D.C. Scores a Small Win in the House
The House passed a bill Wednesday to allow the District to have one statue of a famous D.C. resident in Statuary Hall in the Capitol Building.
In addition to passing legislation like the repeal of Don't Ask Don't Tell, the House of Representatives passed a bill near and dear to the District: the D.C. Statue Bill. With a voice vote, the House moved to suspend the rules and pass the bill, which calls for the District to be represented in Statuary Hall in the United States Capitol. The passage is seen as a small victory in the ongoing saga of D.C. Statehood.

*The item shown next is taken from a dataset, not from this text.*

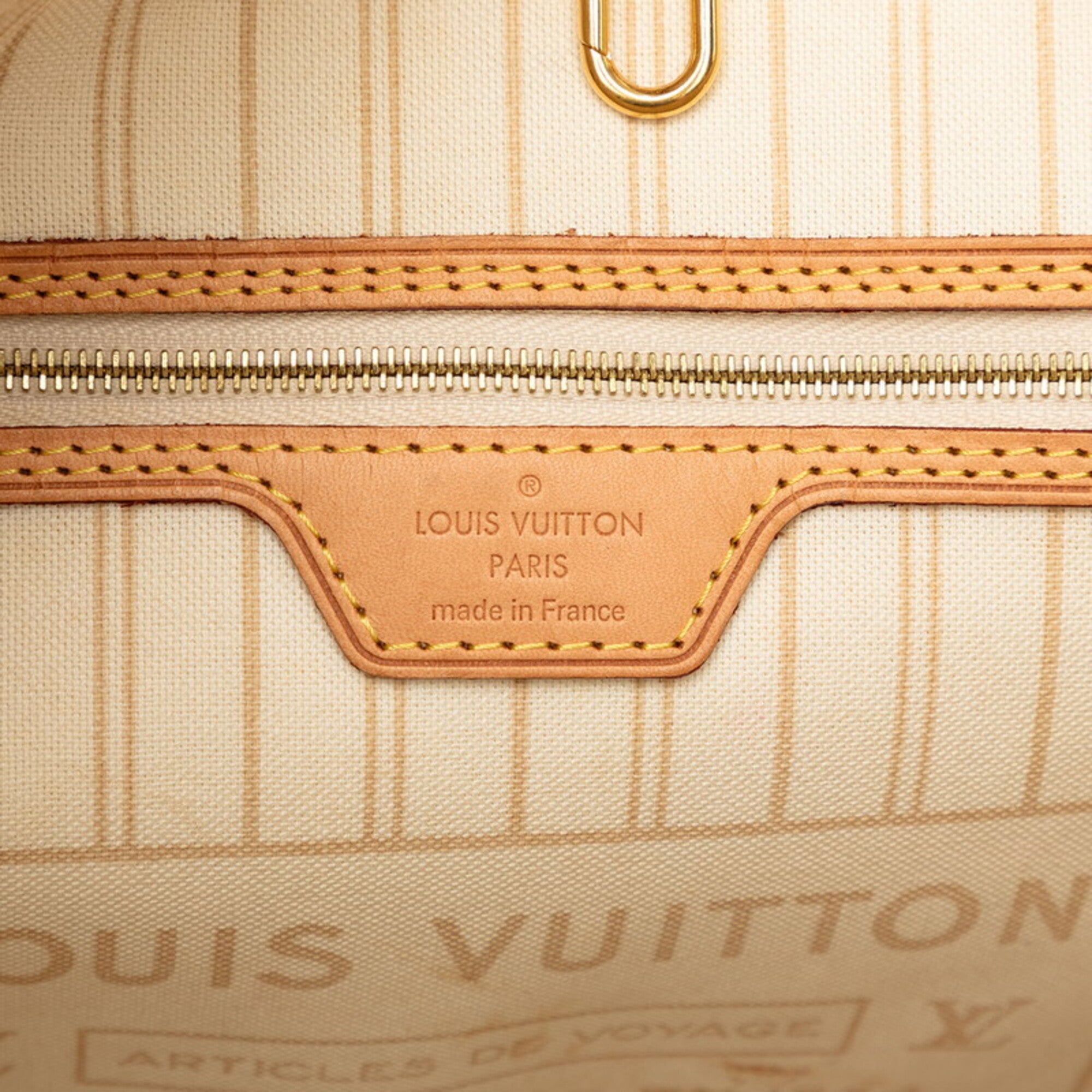 Louis Vuitton Damier Azur Ivory White Pvc Leather Shoulder Bag Tote Bag (Pre-Owned)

Congresswoman Eleanor Holmes Norton introduced a bill in June to have two statues placed in Statuary Hall, an honor given freely to states.

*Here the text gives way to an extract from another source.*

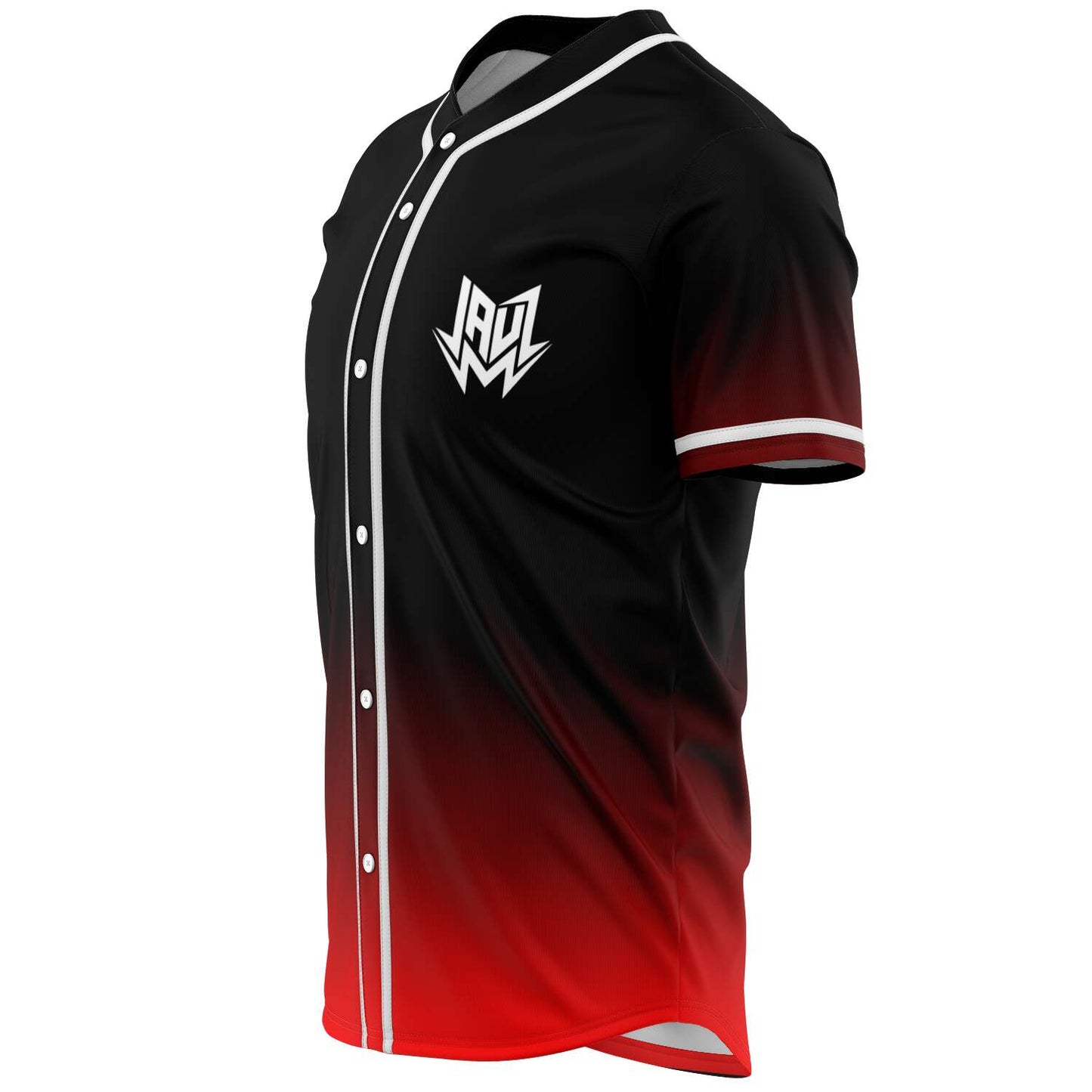 JAUZ Black Bright Red Gradient Rave Baseball Jersey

Recently, Ward 2 District Councilmember Jack Evans wrote a letter to House and Senate leadership including, House Speaker John Boehner, incoming House Majority Leader Eric Cantor, House Speaker Nancy Pelosi, Senate Majority Leader Harry Reid and House Majority Leader Steny Hoyer. Evans, who was instrumental in securing the funds for the District's two statues, asked that leaders bring the bill to a vote prior to leaving for recess.
Representative Dan Lungren (R-CA) proposed a companion bill to Norton's that would allow the District and other territories one statue each in the Capitol. Norton decided to proceed with the one-statue bill, hoping it would have a better chance of passage.

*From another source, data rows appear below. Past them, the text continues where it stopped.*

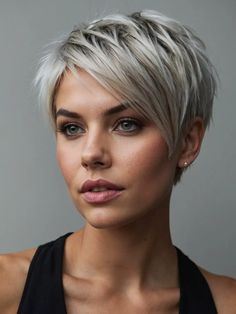 36 Spring Pixie Haircut Ideas that will glamorize in 2024 Pixie Haircut And Color Ideas, Pixie Cut Fine Hair Over 50, Pixie Hair Fine Hair, Blonde Pixie Haircut Short Fine Hair, Platinum Pixie Haircut, Edgy Short Haircuts For Thick Hair, Short Funky Pixie Haircut, Long Pixie Haircut For Thick Hair, Pixie Haircut 2024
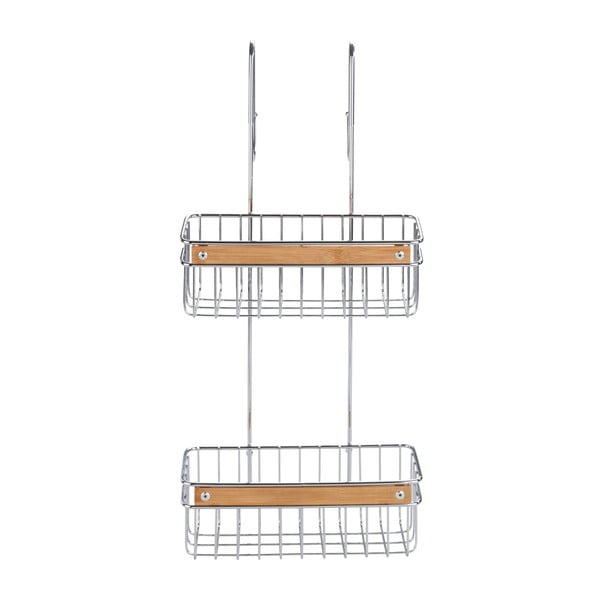 Divu līmeņu nerūsējošā tērauda dušas pakaramais plaukts Wenko Zerbo-image-1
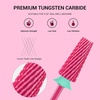 image:imageMelodySusie Professional 5 in 1 Nail Drill Bits 332 Carbide Tungsten Multifunction Bits Suitable for Manicure Pedicure Cuticle Gel Polishing Technicians Bits Purple Series BitM MediumPink Blossom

In a statement on her website, Norton said, "The unanimous support the statue bill received during our floor debate, passing without opposition, gives us momentum as the bill moves to the Senate."
Should the bill pass the Senate, D.C can choose either one of the already commissioned and existing statues of Frederick Douglass or Pierre L'Enfant, or could have another statue made of another deceased District resident.